A satellite orbiting Mars has discovered evidence that a giant crater was once a water-filled lake, scientists announced today (Sept. 2).
The rare find was revealed by the presence of a delta, where flowing water has deposited sediment in a characteristic fan shape.
The 40-mile wide (65-kilometer) crater is bone dry today, but is another sign of Mars' wetter ancient past, scientists said. [See photos of Mars crater delta]
The discovery was made by the European Space Agency's Mars Express satellite, which has been orbiting the Red Planet since 2003.

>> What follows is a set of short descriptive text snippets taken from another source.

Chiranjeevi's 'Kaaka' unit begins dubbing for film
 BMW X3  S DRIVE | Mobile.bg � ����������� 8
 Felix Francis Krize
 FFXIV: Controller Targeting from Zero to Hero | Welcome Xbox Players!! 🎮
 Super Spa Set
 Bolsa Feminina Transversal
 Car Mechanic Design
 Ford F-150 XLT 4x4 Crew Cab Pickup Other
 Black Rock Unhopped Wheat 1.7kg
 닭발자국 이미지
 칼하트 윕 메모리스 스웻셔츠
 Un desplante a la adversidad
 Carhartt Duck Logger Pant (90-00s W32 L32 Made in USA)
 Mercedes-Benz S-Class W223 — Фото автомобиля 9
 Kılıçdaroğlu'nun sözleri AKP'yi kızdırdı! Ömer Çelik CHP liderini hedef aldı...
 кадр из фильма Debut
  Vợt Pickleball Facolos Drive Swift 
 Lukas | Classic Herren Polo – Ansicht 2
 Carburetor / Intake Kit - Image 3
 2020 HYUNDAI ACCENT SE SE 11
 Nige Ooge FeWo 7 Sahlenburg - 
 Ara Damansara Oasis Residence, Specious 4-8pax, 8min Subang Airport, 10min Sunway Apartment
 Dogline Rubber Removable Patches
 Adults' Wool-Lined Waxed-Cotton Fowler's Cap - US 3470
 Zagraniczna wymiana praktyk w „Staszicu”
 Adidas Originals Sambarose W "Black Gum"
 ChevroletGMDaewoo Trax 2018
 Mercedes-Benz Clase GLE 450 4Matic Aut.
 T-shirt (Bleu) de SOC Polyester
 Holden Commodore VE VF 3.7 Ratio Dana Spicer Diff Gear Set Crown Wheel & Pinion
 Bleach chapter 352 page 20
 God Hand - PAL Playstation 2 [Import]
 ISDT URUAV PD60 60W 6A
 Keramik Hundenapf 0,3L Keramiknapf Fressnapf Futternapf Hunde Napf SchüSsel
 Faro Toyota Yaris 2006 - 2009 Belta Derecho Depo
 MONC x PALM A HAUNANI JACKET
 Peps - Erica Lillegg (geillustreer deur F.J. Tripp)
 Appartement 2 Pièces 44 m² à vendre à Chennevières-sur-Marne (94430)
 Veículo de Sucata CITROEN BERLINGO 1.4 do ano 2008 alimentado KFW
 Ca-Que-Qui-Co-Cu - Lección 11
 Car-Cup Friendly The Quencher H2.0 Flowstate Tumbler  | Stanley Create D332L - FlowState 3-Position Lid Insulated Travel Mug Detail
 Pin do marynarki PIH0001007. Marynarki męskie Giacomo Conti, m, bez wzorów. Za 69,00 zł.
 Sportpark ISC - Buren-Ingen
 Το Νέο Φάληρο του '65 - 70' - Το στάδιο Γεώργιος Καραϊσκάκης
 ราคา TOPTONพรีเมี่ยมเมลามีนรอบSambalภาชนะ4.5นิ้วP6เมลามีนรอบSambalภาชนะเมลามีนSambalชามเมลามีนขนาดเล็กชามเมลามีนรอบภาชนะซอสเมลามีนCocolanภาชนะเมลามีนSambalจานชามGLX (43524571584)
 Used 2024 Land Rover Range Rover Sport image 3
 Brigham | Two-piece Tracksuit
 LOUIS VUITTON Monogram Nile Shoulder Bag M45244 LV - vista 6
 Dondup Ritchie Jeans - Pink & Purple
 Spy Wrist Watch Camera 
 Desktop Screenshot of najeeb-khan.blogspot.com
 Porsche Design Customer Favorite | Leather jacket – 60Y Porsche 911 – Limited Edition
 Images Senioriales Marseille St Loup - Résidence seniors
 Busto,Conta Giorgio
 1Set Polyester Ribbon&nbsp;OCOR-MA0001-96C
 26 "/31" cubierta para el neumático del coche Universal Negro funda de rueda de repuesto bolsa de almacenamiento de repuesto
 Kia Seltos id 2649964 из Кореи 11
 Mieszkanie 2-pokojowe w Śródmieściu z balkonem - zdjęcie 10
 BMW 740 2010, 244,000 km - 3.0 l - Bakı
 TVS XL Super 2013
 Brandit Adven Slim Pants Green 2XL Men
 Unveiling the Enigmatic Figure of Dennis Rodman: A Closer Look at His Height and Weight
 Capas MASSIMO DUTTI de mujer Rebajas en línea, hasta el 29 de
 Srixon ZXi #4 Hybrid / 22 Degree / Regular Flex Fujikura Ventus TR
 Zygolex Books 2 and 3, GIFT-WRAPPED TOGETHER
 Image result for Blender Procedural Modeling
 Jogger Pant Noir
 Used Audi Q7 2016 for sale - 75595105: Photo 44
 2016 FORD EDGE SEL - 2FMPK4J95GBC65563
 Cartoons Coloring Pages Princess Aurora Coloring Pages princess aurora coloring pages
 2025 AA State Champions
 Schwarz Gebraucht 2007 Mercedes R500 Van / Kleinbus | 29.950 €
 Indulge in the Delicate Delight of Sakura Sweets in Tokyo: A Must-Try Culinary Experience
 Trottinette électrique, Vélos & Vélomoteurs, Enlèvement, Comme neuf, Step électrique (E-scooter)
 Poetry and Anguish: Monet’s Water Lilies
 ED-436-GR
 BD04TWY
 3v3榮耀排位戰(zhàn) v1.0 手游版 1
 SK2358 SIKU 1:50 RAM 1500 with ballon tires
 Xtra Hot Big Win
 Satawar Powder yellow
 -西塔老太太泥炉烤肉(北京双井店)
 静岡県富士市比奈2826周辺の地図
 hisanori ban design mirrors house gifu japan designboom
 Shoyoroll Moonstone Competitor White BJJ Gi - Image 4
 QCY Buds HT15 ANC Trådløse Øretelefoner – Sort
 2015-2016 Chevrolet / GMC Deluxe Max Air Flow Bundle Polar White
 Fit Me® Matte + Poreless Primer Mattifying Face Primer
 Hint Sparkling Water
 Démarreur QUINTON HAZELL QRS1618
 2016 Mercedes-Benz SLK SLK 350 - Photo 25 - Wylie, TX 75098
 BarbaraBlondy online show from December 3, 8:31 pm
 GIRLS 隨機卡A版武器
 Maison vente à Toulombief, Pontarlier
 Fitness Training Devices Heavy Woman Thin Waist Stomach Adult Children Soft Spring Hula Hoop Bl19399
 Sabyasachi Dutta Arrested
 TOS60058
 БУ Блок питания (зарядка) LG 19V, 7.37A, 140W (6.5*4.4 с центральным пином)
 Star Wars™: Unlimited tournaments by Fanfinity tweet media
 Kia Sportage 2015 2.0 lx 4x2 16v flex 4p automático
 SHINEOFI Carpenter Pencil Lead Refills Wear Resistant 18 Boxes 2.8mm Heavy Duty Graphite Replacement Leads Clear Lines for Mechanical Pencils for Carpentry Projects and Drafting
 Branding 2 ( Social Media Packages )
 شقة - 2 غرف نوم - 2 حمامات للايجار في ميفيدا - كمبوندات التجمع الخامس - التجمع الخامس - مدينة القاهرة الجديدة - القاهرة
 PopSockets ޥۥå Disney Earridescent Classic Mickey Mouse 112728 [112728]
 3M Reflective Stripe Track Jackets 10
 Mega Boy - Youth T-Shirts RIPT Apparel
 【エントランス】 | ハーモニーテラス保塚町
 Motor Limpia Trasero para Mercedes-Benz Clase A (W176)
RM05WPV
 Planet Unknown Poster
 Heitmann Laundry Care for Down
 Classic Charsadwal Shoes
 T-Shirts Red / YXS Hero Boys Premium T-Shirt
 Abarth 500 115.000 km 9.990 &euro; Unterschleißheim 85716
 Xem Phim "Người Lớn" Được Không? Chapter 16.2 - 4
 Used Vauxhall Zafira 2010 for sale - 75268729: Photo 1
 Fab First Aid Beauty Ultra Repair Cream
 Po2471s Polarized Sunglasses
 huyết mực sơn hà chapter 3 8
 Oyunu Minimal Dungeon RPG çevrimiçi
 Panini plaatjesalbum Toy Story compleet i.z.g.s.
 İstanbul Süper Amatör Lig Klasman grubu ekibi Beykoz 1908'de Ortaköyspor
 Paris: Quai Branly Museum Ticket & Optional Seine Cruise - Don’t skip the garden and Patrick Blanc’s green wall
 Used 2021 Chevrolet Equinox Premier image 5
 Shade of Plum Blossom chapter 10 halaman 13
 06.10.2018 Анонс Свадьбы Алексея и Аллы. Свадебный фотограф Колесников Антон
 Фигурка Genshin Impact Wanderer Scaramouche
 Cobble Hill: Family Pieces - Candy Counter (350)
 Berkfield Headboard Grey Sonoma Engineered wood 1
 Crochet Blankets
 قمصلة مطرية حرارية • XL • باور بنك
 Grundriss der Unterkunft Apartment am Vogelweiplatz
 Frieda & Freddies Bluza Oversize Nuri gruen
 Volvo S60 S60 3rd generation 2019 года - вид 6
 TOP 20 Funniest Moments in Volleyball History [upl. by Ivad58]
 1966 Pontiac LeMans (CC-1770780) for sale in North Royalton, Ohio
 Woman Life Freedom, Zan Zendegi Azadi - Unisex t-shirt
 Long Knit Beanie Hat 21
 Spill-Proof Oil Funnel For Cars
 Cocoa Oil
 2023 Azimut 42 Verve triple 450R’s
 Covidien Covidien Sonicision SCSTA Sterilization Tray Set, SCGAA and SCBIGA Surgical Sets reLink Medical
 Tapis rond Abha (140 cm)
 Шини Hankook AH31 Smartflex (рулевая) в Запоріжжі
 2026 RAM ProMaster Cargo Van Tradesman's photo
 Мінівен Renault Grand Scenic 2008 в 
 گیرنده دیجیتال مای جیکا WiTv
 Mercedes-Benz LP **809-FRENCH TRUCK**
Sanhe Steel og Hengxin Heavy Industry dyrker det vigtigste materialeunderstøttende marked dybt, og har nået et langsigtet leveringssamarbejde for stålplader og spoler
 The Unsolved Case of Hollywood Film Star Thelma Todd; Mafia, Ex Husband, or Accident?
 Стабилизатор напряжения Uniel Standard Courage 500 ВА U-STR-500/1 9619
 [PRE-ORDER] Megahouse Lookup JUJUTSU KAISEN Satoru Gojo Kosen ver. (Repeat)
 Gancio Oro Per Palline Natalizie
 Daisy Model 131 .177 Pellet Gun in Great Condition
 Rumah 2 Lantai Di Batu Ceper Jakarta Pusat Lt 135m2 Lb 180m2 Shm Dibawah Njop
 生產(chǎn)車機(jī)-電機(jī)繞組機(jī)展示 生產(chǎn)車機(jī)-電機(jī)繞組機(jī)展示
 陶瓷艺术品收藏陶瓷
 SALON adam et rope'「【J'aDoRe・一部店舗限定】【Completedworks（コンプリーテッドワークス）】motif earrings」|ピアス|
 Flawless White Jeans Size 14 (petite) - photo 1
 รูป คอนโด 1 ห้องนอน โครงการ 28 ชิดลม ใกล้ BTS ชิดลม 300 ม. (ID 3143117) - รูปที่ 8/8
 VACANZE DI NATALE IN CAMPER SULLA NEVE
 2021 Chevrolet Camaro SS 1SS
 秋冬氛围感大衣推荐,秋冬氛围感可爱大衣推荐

The delta is in the Eberswalde crater, in the southern highlands of Mars. The crater looks like a semi-circle indentation on the right side of the image. Scientists think it was formed more than 3.7 billion years ago by an asteroid that slammed into the planet.
Only the right side of the crater is intact. The rest has been covered over by the larger Holden crater, which was formed by a space rock that impacted later, kicking up debris that buried parts of Eberswalde. Holden crater can be seen toward the left of the photo.
Enough of Ebserswalde was preserved, however, that the telltale forms of the 44 square-mile (115 square km) delta can be seen. Near the top of the crater, the thin, squiggly lines represent feeder channels that would have carried water and sediment.
Overall, the delta features paint a picture of a once-full lake filling the crater, providing clear signs that the surface of Mars once flowed with liquid water.
Both Eberswalde crater and Holden crater were originally candidates for the landing site of NASA's next Mars rover, Curiosity. The rover, which will launch in November, will look for signs that Mars used to be habitable. Ultimately, Eberswalde and Holden were passed over for Gale crater, which boasts high amounts of minerals and possible signs of past water.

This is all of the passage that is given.